**ACTION ITEM**
Pictures stay out; print the rest of the listing below exactly as it stands.

**DATA BLOCK**
──────
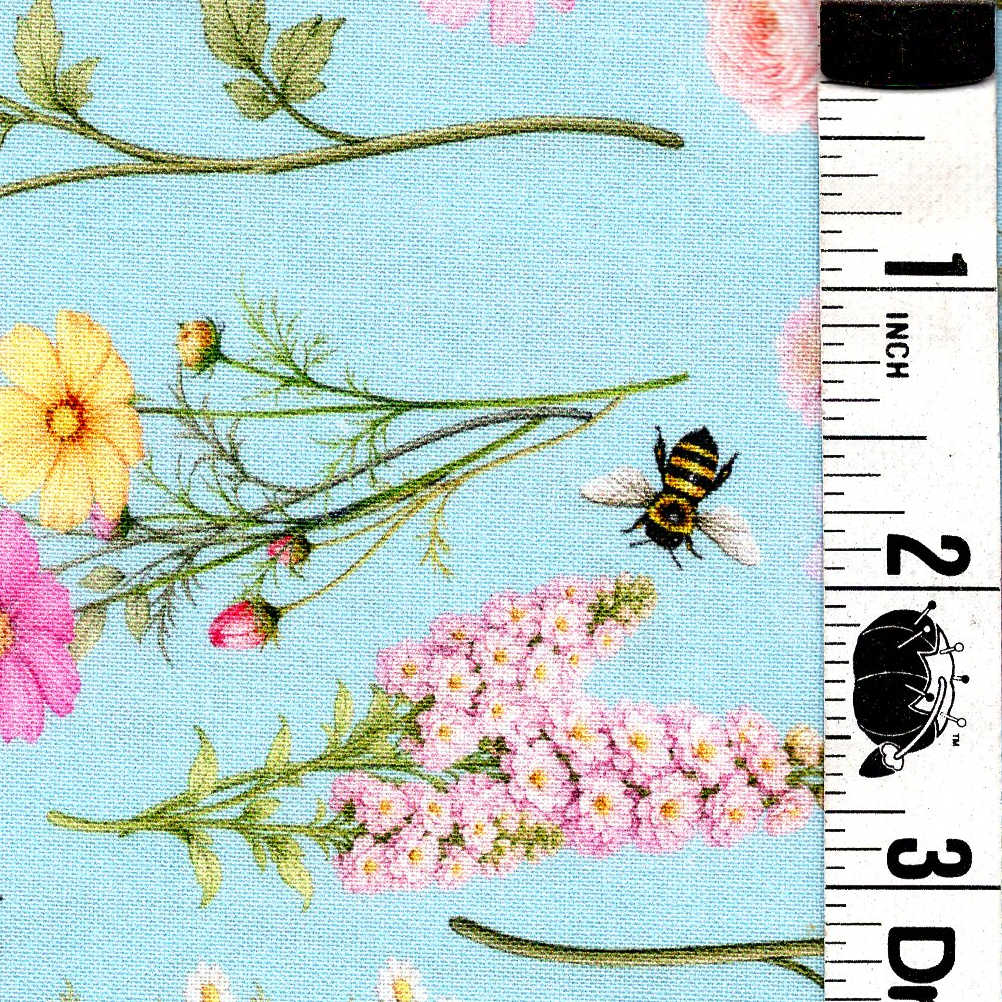 5-Yard Continuous Fabric Cuts Honey Bees & Flowers on Light Blue  – Endless Possibilities!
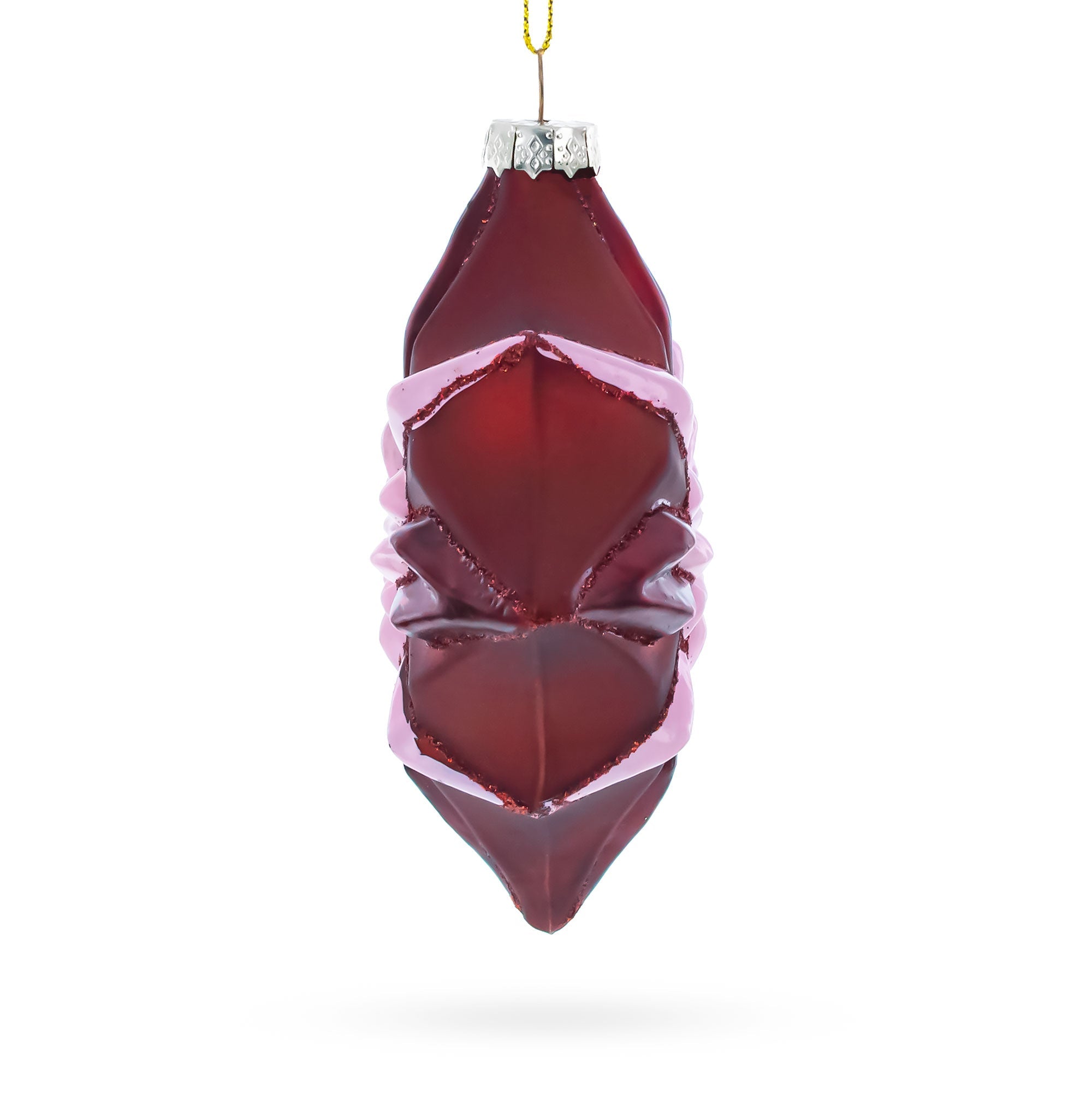Red Starburst with Beaded Hanger Accent Glass Christmas Ornament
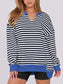 Women Notched Long Sleeve Oversized Sweatshirt nicholesgifts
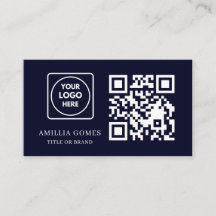 Navy Blue QR Code | Modern Custom Contact Design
──────
**YOUR SOLUTION**
 5-Yard Continuous Fabric Cuts Honey Bees & Flowers on Light Blue  – Endless Possibilities!
Red Starburst with Beaded Hanger Accent Glass Christmas Ornament
 Women Notched Long Sleeve Oversized Sweatshirt nicholesgifts
 Navy Blue QR Code | Modern Custom Contact Design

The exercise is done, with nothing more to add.